Short descriptive text snippets:
----------
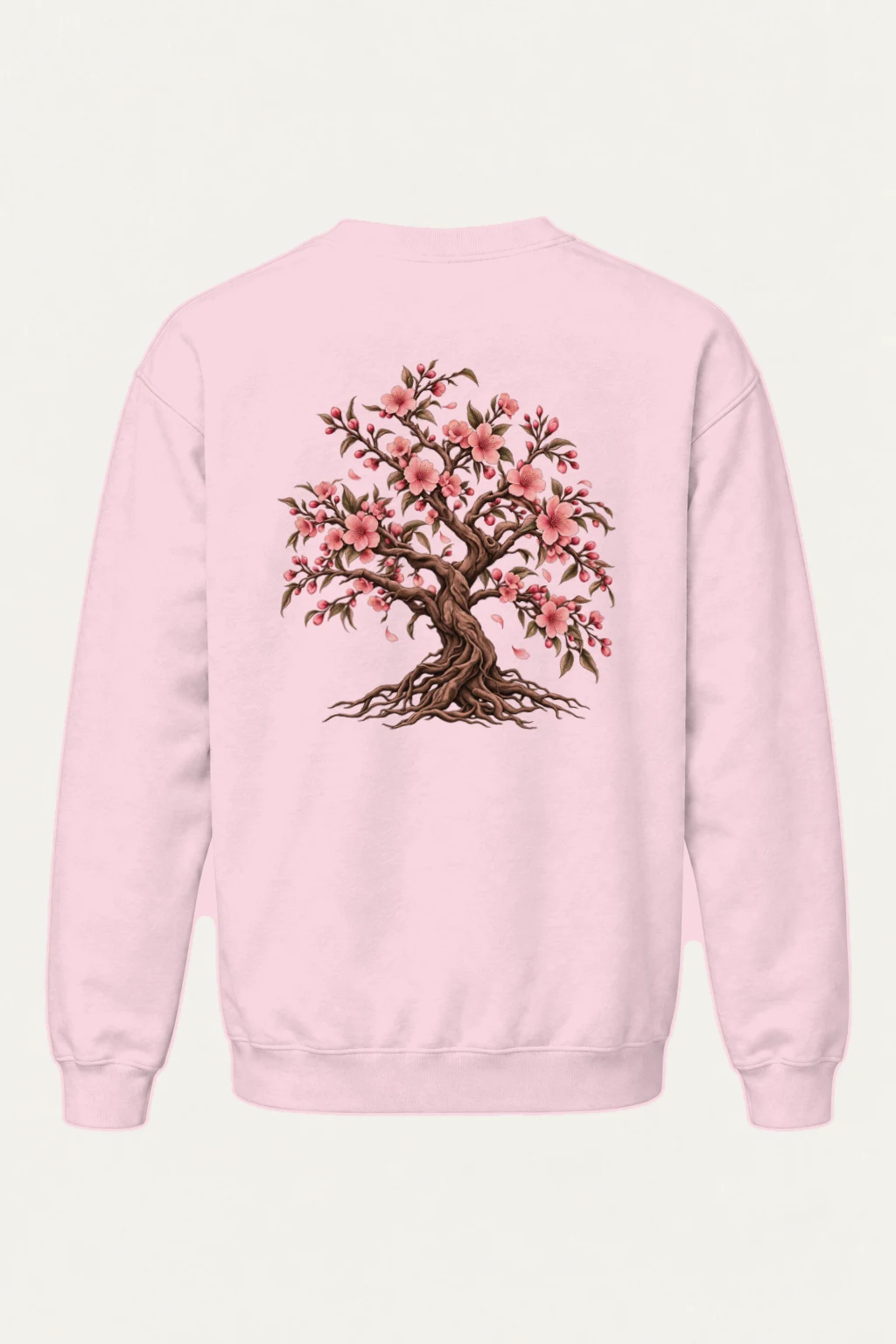 "Rooted Cherry Blossom" Heavy Blend Unisex Crewneck Sweatshirt | Gildan 18000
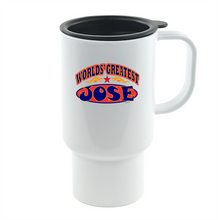 Load image into Gallery viewer, Coffee Cup Mug Travel 11 15 oz World's Greatest Best Jose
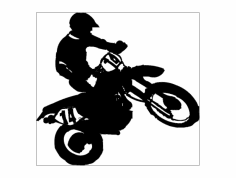 Dirtbike-1 DXF-Datei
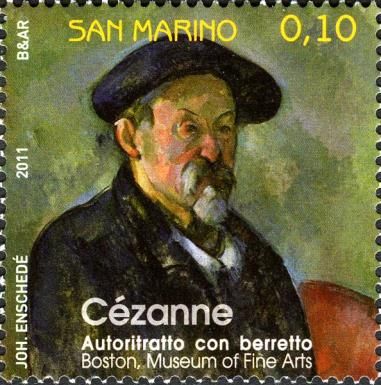 Self portrait by Cézanne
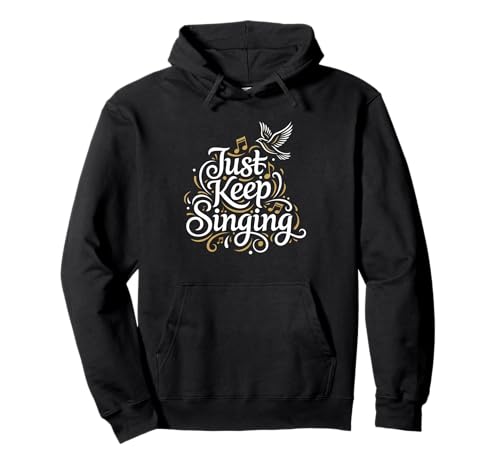 Just Keep Singing Singer Music Teacher ���`�x�[�V�����A�b�v �p�[�J�[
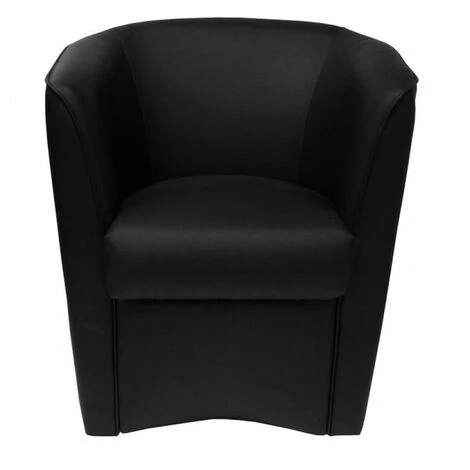 ARGONAUTA ITALIA Fauteuil Rembourré Recouvert D'éco-cuir Noir 75x66xh.76 Cm 3 ARGONAUTA ITALIA Fauteuil Rembourré Recouvert D'éco-cuir Noir 75x66xh.76 Cm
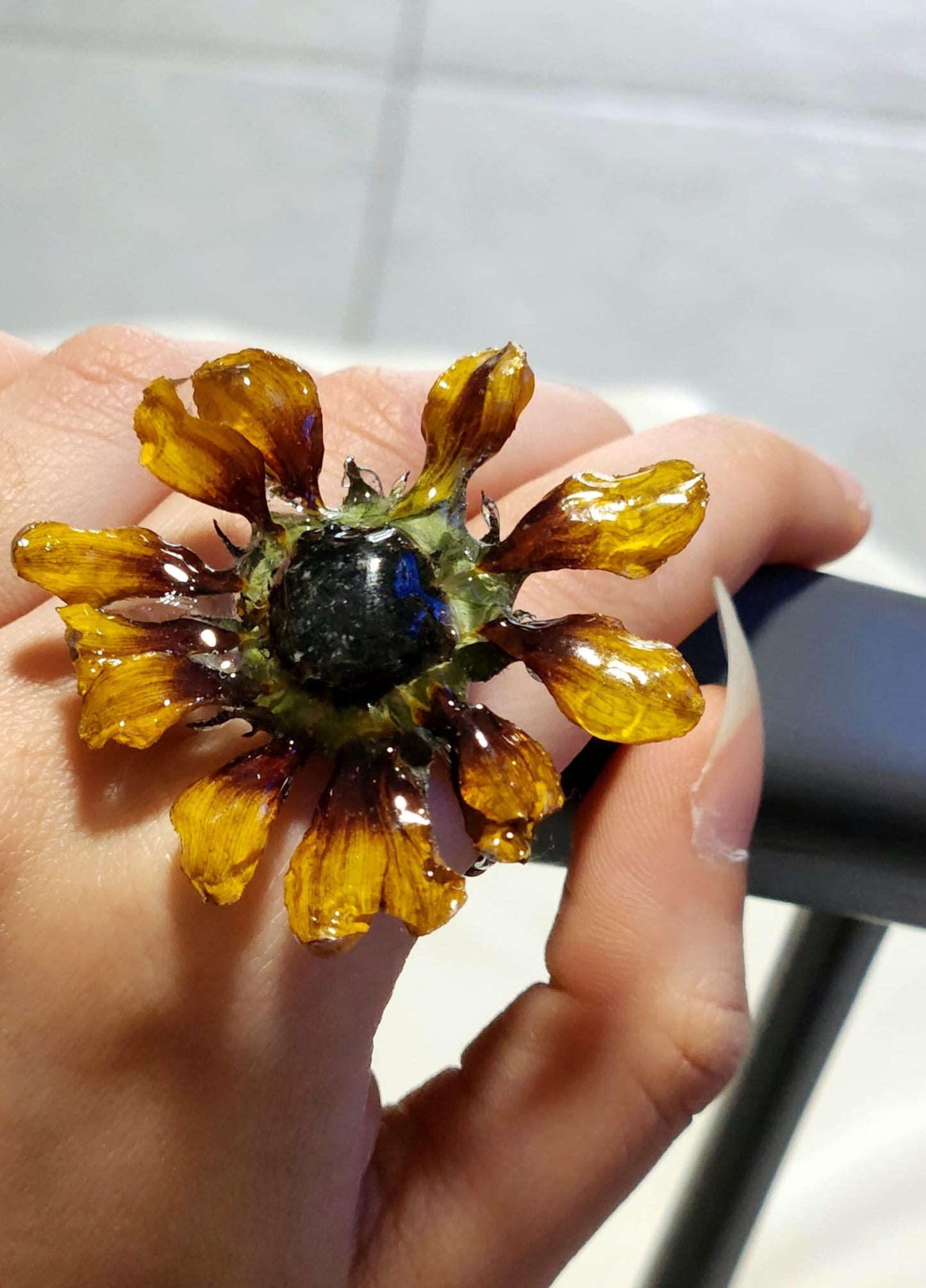 Anillo de girasol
----------
[What to do] Nothing but the records, restated word for word and stripped of images, belongs in the answer.

[Result of this exercise]
 "Rooted Cherry Blossom" Heavy Blend Unisex Crewneck Sweatshirt | Gildan 18000
 Load image into Gallery viewer, Coffee Cup Mug Travel 11 15 oz World's Greatest Best Jose
 Dirtbike-1 DXF-Datei
 Self portrait by Cézanne
 Just Keep Singing Singer Music Teacher ���`�x�[�V�����A�b�v �p�[�J�[
 ARGONAUTA ITALIA Fauteuil Rembourré Recouvert D'éco-cuir Noir 75x66xh.76 Cm 3 ARGONAUTA ITALIA Fauteuil Rembourré Recouvert D'éco-cuir Noir 75x66xh.76 Cm
 Anillo de girasol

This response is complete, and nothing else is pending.